The current General Information Booklet (1990) clearly explains the relationship between Medicare and NYSHIP for retirees age 65 and older and the consequences of failure to enroll in Medicare. Therefore, in the interest of fairness, and to protect the plan from inappropriate costs, the hold harmless provision for retirees age 65 or older and spouses of retirees age 65 will now be extended only to those who are ineligible to enroll in Medicare or to those who, because of documented misinformation from sources noted below, did not obtain Medicare coverage. Otherwise, the Empire Plan insurance carriers will carve out the expenses that would have been covered by Medicare had it been in effect and reimburse any balances according to Plan provisions.
Hold Harmless Policy:
Effective Immediately
Individuals may be held harmless for failure to be enrolled in Medicare only under the following circumstances:
Medicare Part A
The enrollee is ineligible or must pay to be enrolled. In these cases, the hold harmless is permanent unless the Medicare law is changed in the future to allow enrollment at no cost or the individual becomes eligible for premium-free coverage under a spouse's enrollment. (Any late enrollment penalties assessed by Medicare are the responsibility of the enrollee and will not be considered grounds for granting a hold harmless request.)
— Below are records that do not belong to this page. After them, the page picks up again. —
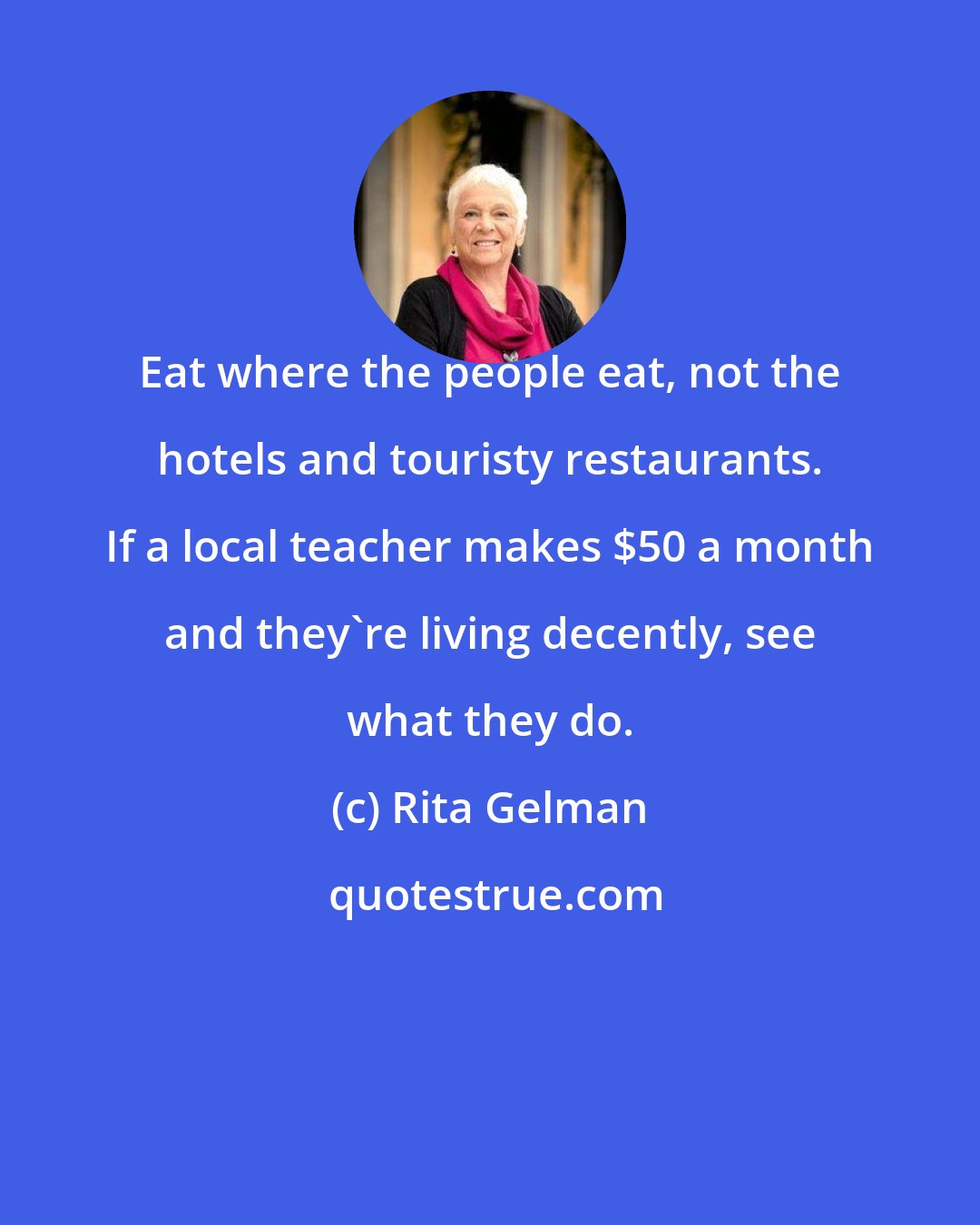 Rita Gelman: Eat where the people eat, not the hotels and touristy restaurants. If a local teacher makes $50 a month and they're living decently, see what they do.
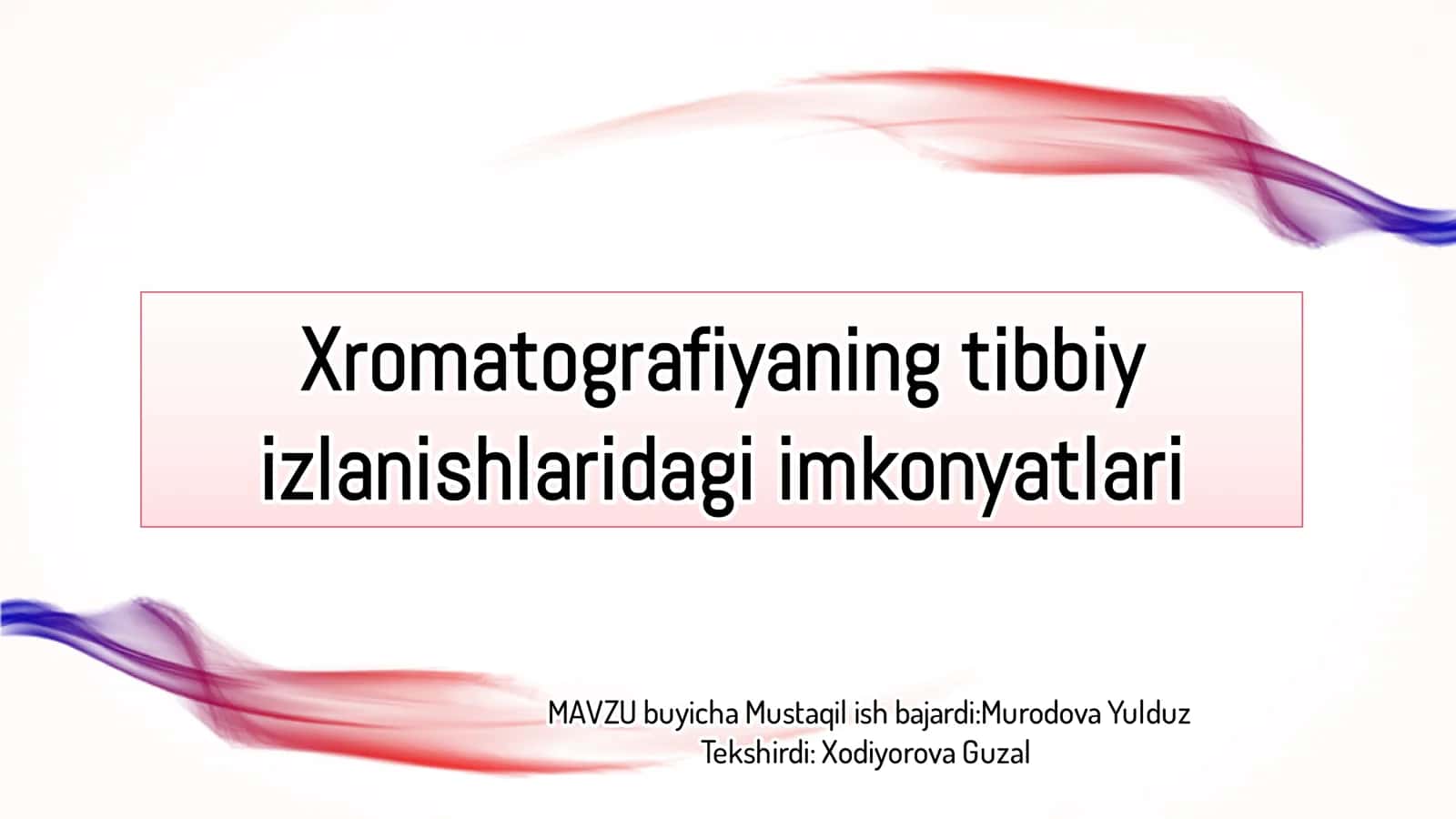 Xromatografiyaning tibbiy izlanishlaridagi imkonyatlari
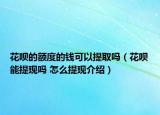 花呗的额度的钱可以提取吗（花呗能提现吗 怎么提现介绍）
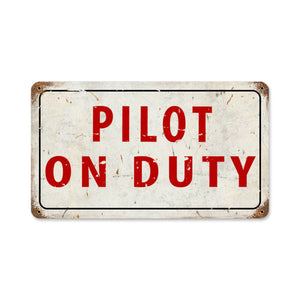 Pilot on Duty Sign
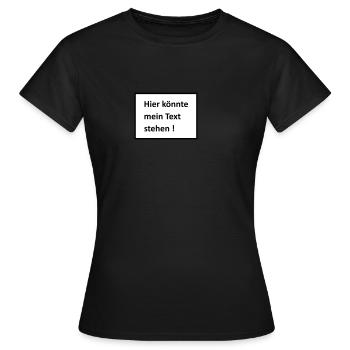 Mein Text - Frauen T-Shirt - Schwarz - Vorne - AI Model Female 172 dark (172cm)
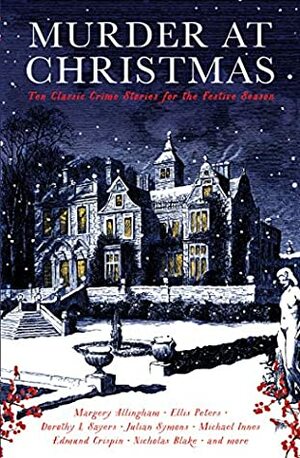 Murder at Christmas: Ten Classic Crime Stories for the Festive Season by Cecily Gayford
Medicare Part A and/or Part B
There is written documentation from the source of the error that the individual's failure to enroll in Medicare Part A and/or B is the result of misinformation by the Department of Civil Service, an agency HBA or the Social Security Administration. In these cases, the hold harmless is temporary for the Part(s) in question only until the effective date of Medicare resulting from the next available enrollment period.
All applicants for hold harmless status will be required to appeal Medicare's denial of benefits and/or enrollment to the Social Security Administration and have the appeal denied before we will consider requests to be held harmless.
Exception to Policy
The hold harmless procedure described above will not become effective until July 1, 1995, for disabled retirees under age 65 and the under age 65 disabled dependents of retirees. This is because the literature published for disabled retirees under age 65 and the under age 65 disabled dependents of retirees does not provide a clear understanding of the requirement to enroll for primary coverage in Medicare when first eligible. To correct this, an Empire Plan Report is being prepared that will describe in detail the need for these individuals to enroll in Medicare. This Report will be issued prior to January 1,1995, and will advise enrollees of the next Medicare open enrollment period, January 1, 1995, through March 31, 1995, with coverage effective July 1, 1995. It will inform them that, as of July 1, 1995, the NYSHIP will no longer provide primary benefits to those individuals who are eligible but fail to enroll in Medicare.
Submit your written requests for hold harmless consideration to the Program Services Unit at the Employee Benefits Division at the address provided on this letterhead. Requests must include the documentation required by the policy stated above.
If you have any questions about the application of this policy, please contact your Employee Insurance Representative for assistance.